Certain species, such as the yellow bush lupin (L. arboreus), are considered invasive weeds when they appear outside their native ranges. In New Zealand, lupines are viewed as invasive and a severe threat in some cases. L. polyphyllus has escaped into the wild and grows in large numbers along main roads and streams on the South Island. A similar spread of the species has occurred in Finland and Norway after the non-native species was first deliberately planted in the landscaping along the main roads. Lupins have been planted in some parts of Australia with a considerably cooler climate, particularly in rural Victoria and New South Wales.

Lupins are important larval food plants for many lepidopterans (butterflies and moths). These include:
 Aricia icarioides missionensis (Mission blue butterfly), larvae limited to Lupinus
 Callophrys irus (frosted elfin), recorded on L. perennis
 Erynnis persius (Persius duskywing)
 †Glaucopsyche xerces (Xerces blue)
 Glaucopsyche lygdamus (silvery blue)
 Plebejus melissa samuelis (Karner blue)
 Erynnis persius persius (eastern Persius duskywing)
 Schinia sueta, larvae limited to Lupinus

Cultivation 
Lupinus polyphyllus, the garden lupin, and Lupinus arboreus, the tree lupin, are popular ornamental plants in gardens, and are the source of numerous hybrids and cultivars in a wide range of colours, including bicolors. As legumes, lupins are good companion plants in gardens, increasing the soil nitrogen for vegetables and other plants. As well as growing in the ground, lupins can do well in pots on balconies or patios.

Agriculture 
In the early 20th century, German scientists attempted to cultivate a sweet variety of lupin lacking the bitter taste, making it more suitable for both human and animal consumption.
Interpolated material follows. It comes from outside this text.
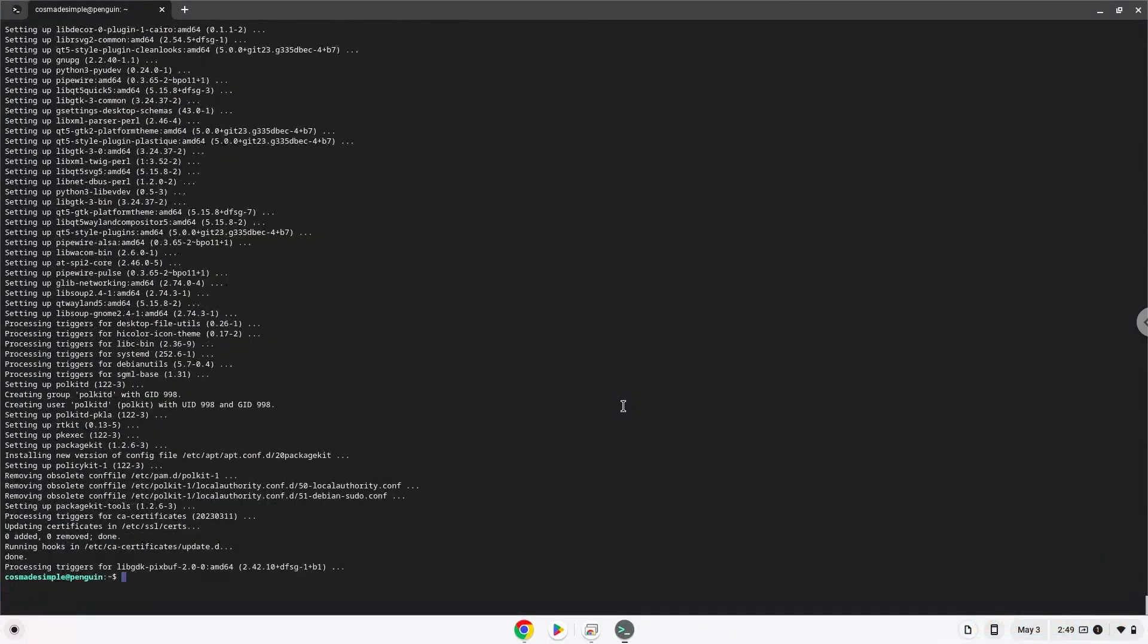To launch it we need to run the last command every time in a terminal. Let's do it now.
Many annual species of lupins are used in agriculture and most of them have Mediterranean origin.
While originally cultivated as a green manure or forage, lupins are increasingly grown for their seeds, which can be used as an alternative to soybeans. Sweet (low alkaloid) lupins are highly regarded as a stock feed, particularly for ruminants, but also for pigs and poultry and more recently as an ingredient in aqua-feeds. The market for lupin seeds for human food is currently small, but researchers believe it has great potential. Lupin seeds are considered "superior" to soybeans in certain applications and evidence is increasing for their potential health benefits. They contain similar protein to soybean, but less fat. As a food source, they are gluten-free and high in dietary fiber, amino acids, and antioxidants, and they are considered to be prebiotic. About 85% of the world's lupin seeds are grown in Western Australia.

Three Mediterranean species of lupin, blue (narrow-leafed) lupin, white lupin, and yellow lupin, are widely cultivated for livestock and poultry feed.
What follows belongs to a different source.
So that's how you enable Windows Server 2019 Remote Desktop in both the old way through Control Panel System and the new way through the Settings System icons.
Like other legumes, they can fix nitrogen from the atmosphere into ammonia via a rhizobium–root nodule symbiosis, fertilizing the soil for other plants. This adaptation allows lupins to be tolerant of infertile soils and capable of pioneering change in barren and poor-quality soils. The genus Lupinus is nodulated by Bradyrhizobium soil bacteria.

Toxicity 

Some lupins contain certain secondary compounds, including isoflavones and toxic alkaloids, such as lupinine, anagyrine and sparteine. With early detection, these can be removed through processing, although lupins containing these elements are not usually selected for food-grade products.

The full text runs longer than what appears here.